Many young families in Texas value serving their country in the military. While this decision once meant that these families could move forward with their lives and feel more secure, with more and more deployments, especially to Iraq and Afghanistan, these families are feeling the strain. For many soldiers, surviving deployment doesn't mean their marriage will survive. Many find instead of getting a warm welcome upon return, they are faced with an epic and confusing battle regarding child custody.

Regardless of military status of either parent, the court's main responsibility in every state is to find the best child custody arrangement for a child. As honorable as it is to serve one's country, long deployments of one parent are bound to make most children build a closer bond with the other parent.
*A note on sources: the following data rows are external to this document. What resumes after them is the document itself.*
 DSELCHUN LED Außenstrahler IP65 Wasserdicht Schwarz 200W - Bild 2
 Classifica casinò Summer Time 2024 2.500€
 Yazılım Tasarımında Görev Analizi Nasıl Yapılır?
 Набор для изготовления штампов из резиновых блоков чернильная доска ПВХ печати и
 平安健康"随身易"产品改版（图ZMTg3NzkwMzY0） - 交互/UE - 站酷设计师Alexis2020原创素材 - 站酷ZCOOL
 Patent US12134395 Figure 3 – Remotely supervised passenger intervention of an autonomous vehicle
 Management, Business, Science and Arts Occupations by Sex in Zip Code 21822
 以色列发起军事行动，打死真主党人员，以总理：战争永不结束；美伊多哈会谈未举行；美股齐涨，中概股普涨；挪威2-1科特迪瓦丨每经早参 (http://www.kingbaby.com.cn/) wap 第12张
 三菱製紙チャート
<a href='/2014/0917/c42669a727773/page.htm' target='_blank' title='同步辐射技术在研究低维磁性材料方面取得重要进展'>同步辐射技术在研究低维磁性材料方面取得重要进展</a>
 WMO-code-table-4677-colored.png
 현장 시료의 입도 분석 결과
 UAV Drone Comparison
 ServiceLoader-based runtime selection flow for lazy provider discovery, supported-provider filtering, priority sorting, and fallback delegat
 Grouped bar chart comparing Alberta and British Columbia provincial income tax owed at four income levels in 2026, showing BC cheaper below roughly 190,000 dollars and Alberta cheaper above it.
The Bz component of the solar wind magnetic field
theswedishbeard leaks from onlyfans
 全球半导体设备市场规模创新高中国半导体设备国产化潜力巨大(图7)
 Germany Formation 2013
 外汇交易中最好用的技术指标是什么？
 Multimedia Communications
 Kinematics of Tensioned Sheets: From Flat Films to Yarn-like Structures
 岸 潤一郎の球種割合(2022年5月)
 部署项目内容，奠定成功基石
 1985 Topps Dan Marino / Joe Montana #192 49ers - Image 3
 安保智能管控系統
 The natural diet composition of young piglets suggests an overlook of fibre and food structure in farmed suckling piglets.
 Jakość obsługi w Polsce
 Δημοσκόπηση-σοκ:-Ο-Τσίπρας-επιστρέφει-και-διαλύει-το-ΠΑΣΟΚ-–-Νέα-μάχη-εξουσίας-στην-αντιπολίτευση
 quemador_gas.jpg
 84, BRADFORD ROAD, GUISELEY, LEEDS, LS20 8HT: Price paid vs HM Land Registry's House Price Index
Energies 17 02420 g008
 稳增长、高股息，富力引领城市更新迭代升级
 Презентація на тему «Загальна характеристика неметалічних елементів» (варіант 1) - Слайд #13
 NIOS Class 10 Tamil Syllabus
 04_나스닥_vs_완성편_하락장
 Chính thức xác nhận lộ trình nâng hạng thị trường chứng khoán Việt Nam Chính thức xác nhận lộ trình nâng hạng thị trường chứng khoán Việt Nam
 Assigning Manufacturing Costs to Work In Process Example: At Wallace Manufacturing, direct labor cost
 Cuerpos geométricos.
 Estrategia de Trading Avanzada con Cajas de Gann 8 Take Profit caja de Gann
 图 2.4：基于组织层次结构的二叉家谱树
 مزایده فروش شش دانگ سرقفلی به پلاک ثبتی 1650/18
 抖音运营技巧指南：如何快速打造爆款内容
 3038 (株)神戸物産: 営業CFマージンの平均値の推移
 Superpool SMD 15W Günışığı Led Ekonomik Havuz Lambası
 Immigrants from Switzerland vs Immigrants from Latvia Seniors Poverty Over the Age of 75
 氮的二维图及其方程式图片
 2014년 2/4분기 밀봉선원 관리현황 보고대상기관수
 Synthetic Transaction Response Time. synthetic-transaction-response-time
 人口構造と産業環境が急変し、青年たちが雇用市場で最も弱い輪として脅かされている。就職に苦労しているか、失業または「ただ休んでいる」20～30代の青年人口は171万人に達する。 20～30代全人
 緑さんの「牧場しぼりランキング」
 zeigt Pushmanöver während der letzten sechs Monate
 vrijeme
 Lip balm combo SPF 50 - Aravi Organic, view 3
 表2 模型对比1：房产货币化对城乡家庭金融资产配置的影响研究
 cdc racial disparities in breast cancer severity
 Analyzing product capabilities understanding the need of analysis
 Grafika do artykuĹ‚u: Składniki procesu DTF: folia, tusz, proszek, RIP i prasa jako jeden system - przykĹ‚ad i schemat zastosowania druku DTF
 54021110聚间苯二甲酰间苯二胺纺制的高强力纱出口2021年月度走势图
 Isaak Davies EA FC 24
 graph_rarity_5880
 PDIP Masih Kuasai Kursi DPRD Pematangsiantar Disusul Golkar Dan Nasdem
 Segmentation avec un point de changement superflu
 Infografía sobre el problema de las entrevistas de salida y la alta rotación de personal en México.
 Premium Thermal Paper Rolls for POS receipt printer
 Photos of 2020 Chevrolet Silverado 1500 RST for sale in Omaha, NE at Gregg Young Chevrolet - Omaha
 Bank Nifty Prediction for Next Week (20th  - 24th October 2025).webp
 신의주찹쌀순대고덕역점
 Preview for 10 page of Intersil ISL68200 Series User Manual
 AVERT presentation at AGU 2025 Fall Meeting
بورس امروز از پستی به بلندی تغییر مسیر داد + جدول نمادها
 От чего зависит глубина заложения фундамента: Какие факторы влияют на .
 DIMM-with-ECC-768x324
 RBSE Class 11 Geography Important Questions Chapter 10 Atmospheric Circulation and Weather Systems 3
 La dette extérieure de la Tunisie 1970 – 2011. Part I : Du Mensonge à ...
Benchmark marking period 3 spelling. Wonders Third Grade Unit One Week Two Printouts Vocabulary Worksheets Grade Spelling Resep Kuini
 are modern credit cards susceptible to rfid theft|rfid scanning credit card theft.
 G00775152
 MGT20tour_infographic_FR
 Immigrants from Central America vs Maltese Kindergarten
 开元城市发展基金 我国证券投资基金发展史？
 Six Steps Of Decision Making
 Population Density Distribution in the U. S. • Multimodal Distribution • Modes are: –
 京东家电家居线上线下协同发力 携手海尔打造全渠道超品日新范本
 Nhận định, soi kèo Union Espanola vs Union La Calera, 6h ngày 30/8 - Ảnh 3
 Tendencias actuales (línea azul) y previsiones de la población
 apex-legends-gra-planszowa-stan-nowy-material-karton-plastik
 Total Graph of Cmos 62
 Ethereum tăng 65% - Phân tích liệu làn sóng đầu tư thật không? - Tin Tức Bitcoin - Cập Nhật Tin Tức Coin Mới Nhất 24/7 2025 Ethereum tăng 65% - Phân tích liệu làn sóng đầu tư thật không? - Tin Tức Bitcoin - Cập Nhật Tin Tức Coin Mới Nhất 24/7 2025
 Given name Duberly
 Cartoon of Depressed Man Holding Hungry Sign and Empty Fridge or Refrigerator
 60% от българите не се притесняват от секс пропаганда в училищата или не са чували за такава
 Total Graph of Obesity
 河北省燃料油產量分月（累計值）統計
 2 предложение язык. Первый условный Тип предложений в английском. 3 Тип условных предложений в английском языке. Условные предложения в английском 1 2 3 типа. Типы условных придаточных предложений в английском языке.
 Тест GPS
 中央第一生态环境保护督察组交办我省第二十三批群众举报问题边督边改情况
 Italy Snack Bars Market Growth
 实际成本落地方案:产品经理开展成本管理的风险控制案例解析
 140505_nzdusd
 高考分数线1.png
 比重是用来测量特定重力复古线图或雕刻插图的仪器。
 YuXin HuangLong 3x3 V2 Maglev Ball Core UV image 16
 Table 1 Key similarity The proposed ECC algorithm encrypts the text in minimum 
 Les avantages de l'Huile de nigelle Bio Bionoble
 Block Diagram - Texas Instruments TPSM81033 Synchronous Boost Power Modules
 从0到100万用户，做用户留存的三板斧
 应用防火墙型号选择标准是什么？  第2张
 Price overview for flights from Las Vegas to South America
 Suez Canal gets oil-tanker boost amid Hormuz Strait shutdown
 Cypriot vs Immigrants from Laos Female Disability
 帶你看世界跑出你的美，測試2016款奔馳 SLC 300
However, in at least one recent case, a soldier returned only to find his wife and child had relocated to another state, with his wife forbidding him from seeing the child.

As hard as it can be for a child to be reacquainted with a parent after a long separation, no matter what the reason, in the long run a permanent break from a parent can lead to long-term devastation and resentment. This is a major factor in why lawmakers are attempting to pass legislation streamlining the process of child custody cases involving one or both parents in the military. The Servicemembers Civil Relief Act is designed to help servicemembers identify what their rights are and make sure their parental rights aren't compromised because of the time they spent serving their country.

With military cases, jurisdiction easily becomes an issue, and it can be tricky even figuring out which state a custody case should be held in. Servicemembers leave their families out of duty, not choice, and they should not be punished by being separated from their child as if they had abandoned them. A group of lawyers called the Uniform Law Commission is working to create clearer laws among all states that would ease the stress and confusion caused by the current laws that leave servicemember parents wrongfully fighting for their parental rights.